Directed until 2019 by chuck chai, a former senior official in Obama’s treasury department, Hillspire is now co-directed by maria seferianand gregg goldman >. strong>. But its most interesting and public-facing executive is ken goldman, a longtime CFO. and accessory from silicon valley, most recently on yahoo. Another person to always watch at Hillspire is amy rao, the luminary of the Schmidts’ democratic caucus and political and philanthropic advisor, who is technically a Hillspire employee.
bill gates’ “culture of fear”
calling cascade family office is an insult. It’s effectively a mega asset manager, but then again, the line between large family offices and asset management boutiques is narrowing anyway. namely, cascade manages an estimated $180 billion in combined assets for bill gates and his namesake foundation, with significant holdings in public companies such as the four seasons and in real estate, especially farmland . For decades this was done quietly, maintaining Bill’s pristine reputation as a lovable nerd. Of course, Cascade came under the national spotlight when, in the aftermath of Gates’s divorce, it was exposed that there was a “culture of fear” in the office, as the New York Times put it in its explosive story in May 2021. (cascade denied some, but not all, of the reported misconduct). Wealth Management. Larsen remains, but the firm changed names around the time of the history of times, from Bill and Melinda Gates investments to Cascading Asset Management. And after decades of operating largely in the shadows, Cascade has just unveiled a website that speaks volumes about its workplace culture.

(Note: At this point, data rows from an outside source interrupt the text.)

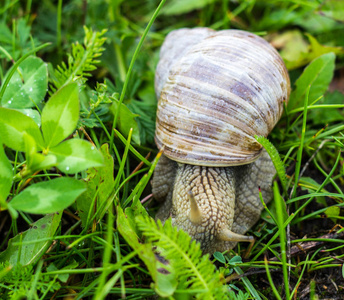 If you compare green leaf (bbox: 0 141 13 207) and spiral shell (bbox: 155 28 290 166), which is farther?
spiral shell (bbox: 155 28 290 166)

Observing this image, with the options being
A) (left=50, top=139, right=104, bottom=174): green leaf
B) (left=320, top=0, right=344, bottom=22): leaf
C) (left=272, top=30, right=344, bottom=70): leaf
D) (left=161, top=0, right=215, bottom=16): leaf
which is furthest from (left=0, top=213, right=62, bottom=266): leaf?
(left=320, top=0, right=344, bottom=22): leaf

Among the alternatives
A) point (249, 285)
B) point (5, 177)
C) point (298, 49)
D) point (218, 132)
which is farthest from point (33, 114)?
point (298, 49)

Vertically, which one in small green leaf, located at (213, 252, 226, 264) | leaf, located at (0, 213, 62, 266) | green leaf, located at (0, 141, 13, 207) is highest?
green leaf, located at (0, 141, 13, 207)

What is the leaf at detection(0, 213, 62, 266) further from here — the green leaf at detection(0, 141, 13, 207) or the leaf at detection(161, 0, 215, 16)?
the leaf at detection(161, 0, 215, 16)

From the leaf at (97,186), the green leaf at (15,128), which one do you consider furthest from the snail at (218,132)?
the green leaf at (15,128)

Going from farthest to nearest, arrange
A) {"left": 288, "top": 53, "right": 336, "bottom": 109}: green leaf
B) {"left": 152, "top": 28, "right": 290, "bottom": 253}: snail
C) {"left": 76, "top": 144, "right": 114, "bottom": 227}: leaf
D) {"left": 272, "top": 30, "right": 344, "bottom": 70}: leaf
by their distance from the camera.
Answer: {"left": 272, "top": 30, "right": 344, "bottom": 70}: leaf → {"left": 288, "top": 53, "right": 336, "bottom": 109}: green leaf → {"left": 152, "top": 28, "right": 290, "bottom": 253}: snail → {"left": 76, "top": 144, "right": 114, "bottom": 227}: leaf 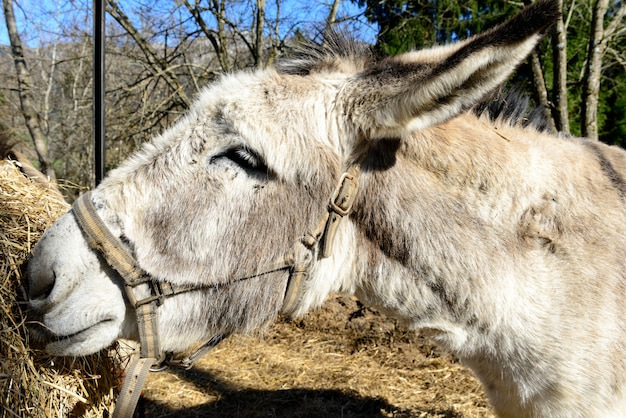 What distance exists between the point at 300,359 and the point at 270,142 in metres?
4.32

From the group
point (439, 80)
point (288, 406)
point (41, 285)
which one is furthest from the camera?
point (288, 406)

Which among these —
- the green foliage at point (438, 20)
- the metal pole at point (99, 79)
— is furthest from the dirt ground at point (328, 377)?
the green foliage at point (438, 20)

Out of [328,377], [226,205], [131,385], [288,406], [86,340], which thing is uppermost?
[226,205]

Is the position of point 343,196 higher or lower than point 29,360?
higher

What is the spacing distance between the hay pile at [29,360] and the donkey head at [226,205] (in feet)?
0.52

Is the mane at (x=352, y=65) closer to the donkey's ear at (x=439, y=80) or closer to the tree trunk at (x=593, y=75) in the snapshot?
the donkey's ear at (x=439, y=80)

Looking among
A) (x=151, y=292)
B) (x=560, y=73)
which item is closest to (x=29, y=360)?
(x=151, y=292)

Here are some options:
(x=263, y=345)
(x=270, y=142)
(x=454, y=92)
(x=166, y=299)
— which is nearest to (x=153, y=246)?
(x=166, y=299)

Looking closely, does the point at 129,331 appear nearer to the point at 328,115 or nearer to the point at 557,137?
the point at 328,115

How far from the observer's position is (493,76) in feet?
4.66

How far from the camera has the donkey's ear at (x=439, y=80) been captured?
52.1 inches

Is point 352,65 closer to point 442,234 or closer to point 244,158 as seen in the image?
point 244,158

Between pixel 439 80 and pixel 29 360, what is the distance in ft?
5.96

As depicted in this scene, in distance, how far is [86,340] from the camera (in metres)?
1.59
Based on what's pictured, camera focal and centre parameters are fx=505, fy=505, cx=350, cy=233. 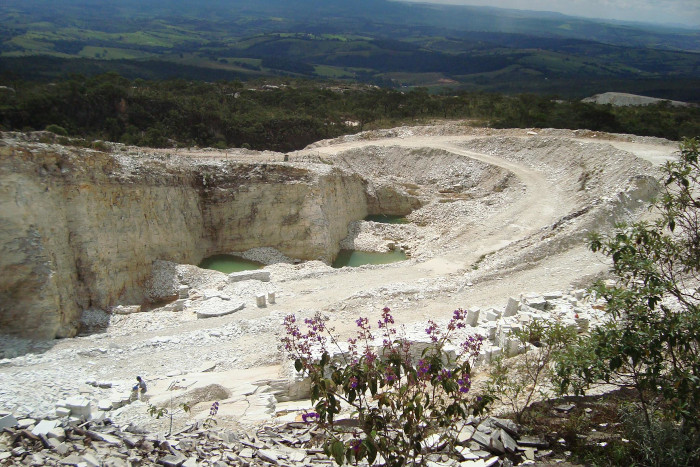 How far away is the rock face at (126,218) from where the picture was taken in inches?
623

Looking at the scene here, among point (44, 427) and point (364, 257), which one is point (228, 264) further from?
point (44, 427)

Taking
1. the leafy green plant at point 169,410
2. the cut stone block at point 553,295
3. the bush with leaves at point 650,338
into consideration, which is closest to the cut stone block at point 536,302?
the cut stone block at point 553,295

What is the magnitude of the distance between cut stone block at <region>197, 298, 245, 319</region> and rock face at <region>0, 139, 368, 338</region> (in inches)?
157

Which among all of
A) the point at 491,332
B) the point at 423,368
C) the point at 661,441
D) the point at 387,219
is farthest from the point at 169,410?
the point at 387,219

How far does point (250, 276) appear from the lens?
68.7ft

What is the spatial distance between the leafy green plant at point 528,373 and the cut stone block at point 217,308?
969cm

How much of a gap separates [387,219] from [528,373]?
2259cm

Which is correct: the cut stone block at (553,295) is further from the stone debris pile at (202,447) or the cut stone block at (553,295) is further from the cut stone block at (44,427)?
the cut stone block at (44,427)

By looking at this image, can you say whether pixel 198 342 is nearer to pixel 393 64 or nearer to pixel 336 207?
pixel 336 207

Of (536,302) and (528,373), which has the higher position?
(528,373)

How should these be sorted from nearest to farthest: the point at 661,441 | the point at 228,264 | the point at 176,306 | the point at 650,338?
the point at 650,338 < the point at 661,441 < the point at 176,306 < the point at 228,264

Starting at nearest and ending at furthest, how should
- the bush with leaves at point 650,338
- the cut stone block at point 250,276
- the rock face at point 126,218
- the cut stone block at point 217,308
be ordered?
the bush with leaves at point 650,338 < the rock face at point 126,218 < the cut stone block at point 217,308 < the cut stone block at point 250,276

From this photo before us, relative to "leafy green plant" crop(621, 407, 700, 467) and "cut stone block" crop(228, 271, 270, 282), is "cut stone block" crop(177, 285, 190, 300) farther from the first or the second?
"leafy green plant" crop(621, 407, 700, 467)

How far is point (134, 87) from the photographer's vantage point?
44.3m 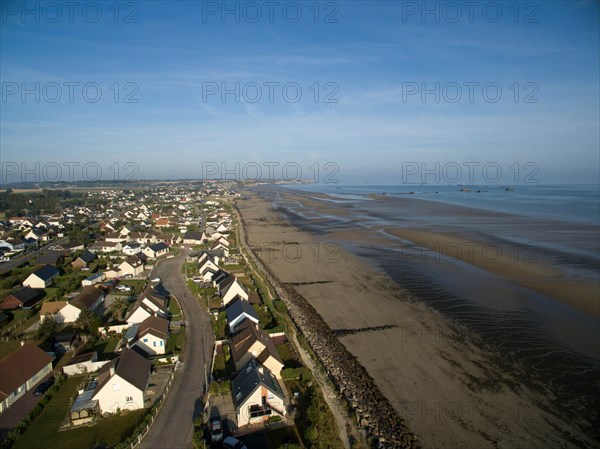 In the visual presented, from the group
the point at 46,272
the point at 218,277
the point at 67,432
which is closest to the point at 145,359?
the point at 67,432

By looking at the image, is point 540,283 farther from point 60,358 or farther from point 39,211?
point 39,211

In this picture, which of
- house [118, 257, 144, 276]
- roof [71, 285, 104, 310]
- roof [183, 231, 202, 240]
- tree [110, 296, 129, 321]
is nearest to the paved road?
tree [110, 296, 129, 321]

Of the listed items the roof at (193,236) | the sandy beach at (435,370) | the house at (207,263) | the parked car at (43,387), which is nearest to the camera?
the sandy beach at (435,370)

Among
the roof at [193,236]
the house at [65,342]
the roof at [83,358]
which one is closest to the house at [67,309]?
the house at [65,342]

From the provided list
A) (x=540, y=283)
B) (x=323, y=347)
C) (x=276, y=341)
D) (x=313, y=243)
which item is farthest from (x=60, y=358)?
(x=540, y=283)

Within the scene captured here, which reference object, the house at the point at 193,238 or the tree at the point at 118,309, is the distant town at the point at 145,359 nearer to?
the tree at the point at 118,309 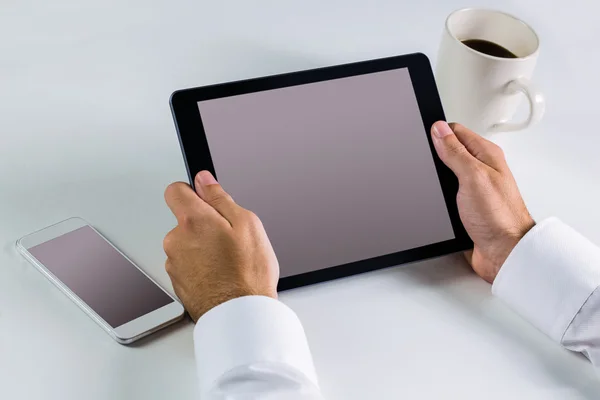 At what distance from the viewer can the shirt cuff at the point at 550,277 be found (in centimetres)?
81

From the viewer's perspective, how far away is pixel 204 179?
829 mm

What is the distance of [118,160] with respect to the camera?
3.24ft

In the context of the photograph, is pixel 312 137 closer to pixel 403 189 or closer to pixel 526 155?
pixel 403 189

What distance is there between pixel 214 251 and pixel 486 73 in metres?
0.44

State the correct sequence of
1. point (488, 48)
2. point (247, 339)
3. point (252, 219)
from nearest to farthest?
point (247, 339) → point (252, 219) → point (488, 48)

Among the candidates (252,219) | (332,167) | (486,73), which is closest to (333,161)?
(332,167)

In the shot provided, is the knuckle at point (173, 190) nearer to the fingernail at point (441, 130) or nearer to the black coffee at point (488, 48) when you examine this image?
the fingernail at point (441, 130)

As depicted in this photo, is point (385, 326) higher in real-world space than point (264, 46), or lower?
lower

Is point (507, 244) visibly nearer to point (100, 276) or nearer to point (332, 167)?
point (332, 167)

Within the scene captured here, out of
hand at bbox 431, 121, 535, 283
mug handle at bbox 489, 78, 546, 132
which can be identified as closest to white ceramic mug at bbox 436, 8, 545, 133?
mug handle at bbox 489, 78, 546, 132

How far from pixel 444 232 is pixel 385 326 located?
150 millimetres

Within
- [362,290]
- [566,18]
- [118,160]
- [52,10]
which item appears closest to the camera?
[362,290]

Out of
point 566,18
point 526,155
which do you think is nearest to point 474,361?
point 526,155

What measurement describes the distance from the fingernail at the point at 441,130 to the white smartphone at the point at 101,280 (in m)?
0.37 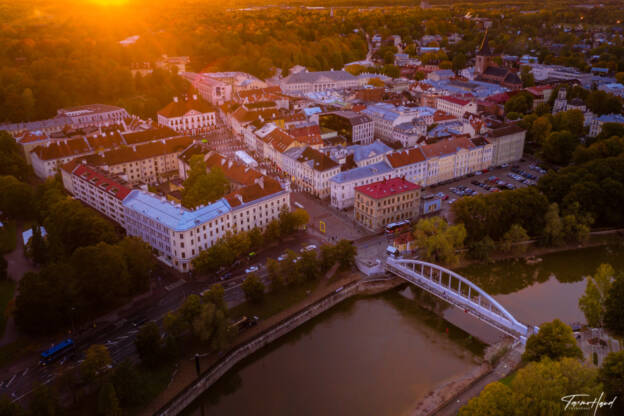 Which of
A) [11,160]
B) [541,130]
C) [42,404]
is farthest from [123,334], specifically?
[541,130]

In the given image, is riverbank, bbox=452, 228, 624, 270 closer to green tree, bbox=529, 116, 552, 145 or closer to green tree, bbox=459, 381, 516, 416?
green tree, bbox=459, 381, 516, 416

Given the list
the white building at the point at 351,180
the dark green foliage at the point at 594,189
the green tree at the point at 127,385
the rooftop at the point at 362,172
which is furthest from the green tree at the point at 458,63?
the green tree at the point at 127,385

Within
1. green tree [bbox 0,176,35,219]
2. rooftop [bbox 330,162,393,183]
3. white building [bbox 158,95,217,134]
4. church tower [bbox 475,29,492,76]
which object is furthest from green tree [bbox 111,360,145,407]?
church tower [bbox 475,29,492,76]

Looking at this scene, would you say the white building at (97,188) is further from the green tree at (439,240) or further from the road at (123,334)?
the green tree at (439,240)

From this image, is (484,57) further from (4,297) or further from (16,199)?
(4,297)

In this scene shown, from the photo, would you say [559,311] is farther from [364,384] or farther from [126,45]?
[126,45]

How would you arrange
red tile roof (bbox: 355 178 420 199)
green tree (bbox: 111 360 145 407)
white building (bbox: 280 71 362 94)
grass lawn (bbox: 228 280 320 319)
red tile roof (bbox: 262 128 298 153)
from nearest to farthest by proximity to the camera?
1. green tree (bbox: 111 360 145 407)
2. grass lawn (bbox: 228 280 320 319)
3. red tile roof (bbox: 355 178 420 199)
4. red tile roof (bbox: 262 128 298 153)
5. white building (bbox: 280 71 362 94)

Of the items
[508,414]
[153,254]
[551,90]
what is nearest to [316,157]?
[153,254] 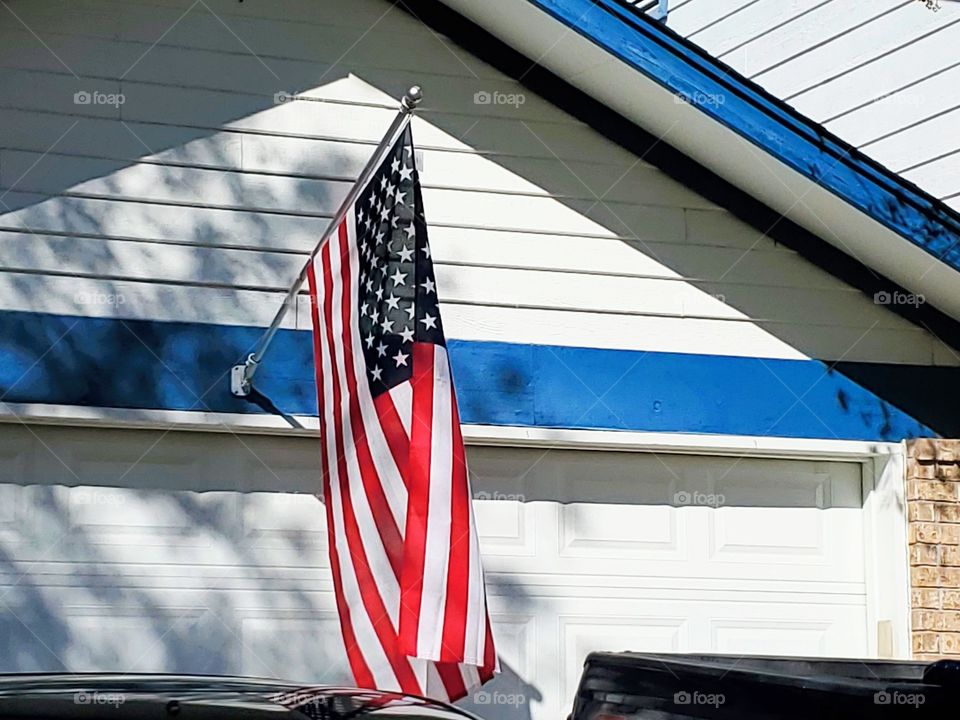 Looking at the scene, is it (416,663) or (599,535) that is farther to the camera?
(599,535)

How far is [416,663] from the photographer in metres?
5.65

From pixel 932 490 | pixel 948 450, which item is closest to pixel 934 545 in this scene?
pixel 932 490

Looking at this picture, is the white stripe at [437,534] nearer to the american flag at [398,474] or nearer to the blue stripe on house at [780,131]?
the american flag at [398,474]

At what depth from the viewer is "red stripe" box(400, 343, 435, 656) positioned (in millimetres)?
5531

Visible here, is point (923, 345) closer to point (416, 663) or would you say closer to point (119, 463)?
point (416, 663)

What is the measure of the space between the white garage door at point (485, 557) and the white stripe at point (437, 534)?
5.30 feet

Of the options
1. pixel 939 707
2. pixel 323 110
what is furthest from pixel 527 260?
pixel 939 707

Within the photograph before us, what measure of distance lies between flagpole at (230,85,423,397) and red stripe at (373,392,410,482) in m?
0.99

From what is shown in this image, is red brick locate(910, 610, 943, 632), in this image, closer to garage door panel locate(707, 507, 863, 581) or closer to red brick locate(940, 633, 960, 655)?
red brick locate(940, 633, 960, 655)

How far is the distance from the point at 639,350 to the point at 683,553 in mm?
1046

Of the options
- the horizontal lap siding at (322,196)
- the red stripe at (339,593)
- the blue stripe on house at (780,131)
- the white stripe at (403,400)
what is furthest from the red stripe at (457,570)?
the blue stripe on house at (780,131)

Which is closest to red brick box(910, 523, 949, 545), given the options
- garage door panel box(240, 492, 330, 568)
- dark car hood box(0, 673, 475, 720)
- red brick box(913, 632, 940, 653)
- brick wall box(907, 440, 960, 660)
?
Result: brick wall box(907, 440, 960, 660)

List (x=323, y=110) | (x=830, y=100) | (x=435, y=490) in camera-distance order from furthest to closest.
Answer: (x=830, y=100), (x=323, y=110), (x=435, y=490)

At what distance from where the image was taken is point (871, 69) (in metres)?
8.81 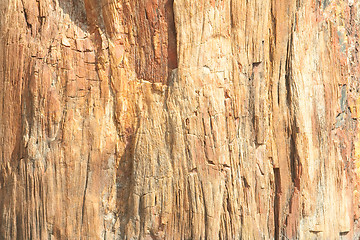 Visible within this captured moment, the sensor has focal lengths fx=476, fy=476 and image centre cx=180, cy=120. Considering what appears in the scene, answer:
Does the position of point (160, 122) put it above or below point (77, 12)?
below

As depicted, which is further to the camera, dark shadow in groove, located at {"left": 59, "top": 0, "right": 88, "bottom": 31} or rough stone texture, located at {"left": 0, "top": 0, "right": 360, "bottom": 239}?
dark shadow in groove, located at {"left": 59, "top": 0, "right": 88, "bottom": 31}

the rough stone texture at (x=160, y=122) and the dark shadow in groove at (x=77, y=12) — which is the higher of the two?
the dark shadow in groove at (x=77, y=12)

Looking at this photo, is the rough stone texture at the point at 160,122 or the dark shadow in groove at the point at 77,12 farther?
the dark shadow in groove at the point at 77,12

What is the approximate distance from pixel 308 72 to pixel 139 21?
5.78ft

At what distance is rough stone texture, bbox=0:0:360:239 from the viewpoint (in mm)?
4344

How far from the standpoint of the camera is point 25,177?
4.39 metres

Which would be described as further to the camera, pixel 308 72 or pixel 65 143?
pixel 308 72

behind the throne of bezos
The twin administrators behind the Bezos throne are Melinda Lewison, a Princeton alumnus who has worked in her family’s office, Bezos Expeditions, since 2005, and Paul Dauber, Bezos’s longtime personal attorney and aide-de-camp. These two oversee Bezos’s entire life, from his record-breaking Los Angeles property purchases to his Washington Post Office estate to the 10,000-year-old clock that Bezos is building on his personal ranch in West Texas. it is there, in the middle of nowhere, where most of the work of the bezos expeditions is done; After all, Bezos Expeditions’ primary task is to funnel his Amazon fortune into money for Blue Origin, the rocket company that Bezos funds several billion dollars a year. Bezos Expeditions also invests quite a bit in startups (many family offices of tech founders are, unsurprisingly, over-invested in tech). Veterans will recall that Bezos was an early angel investor in Google, the company that created many of Silicon Valley’s most exciting family offices in the first place.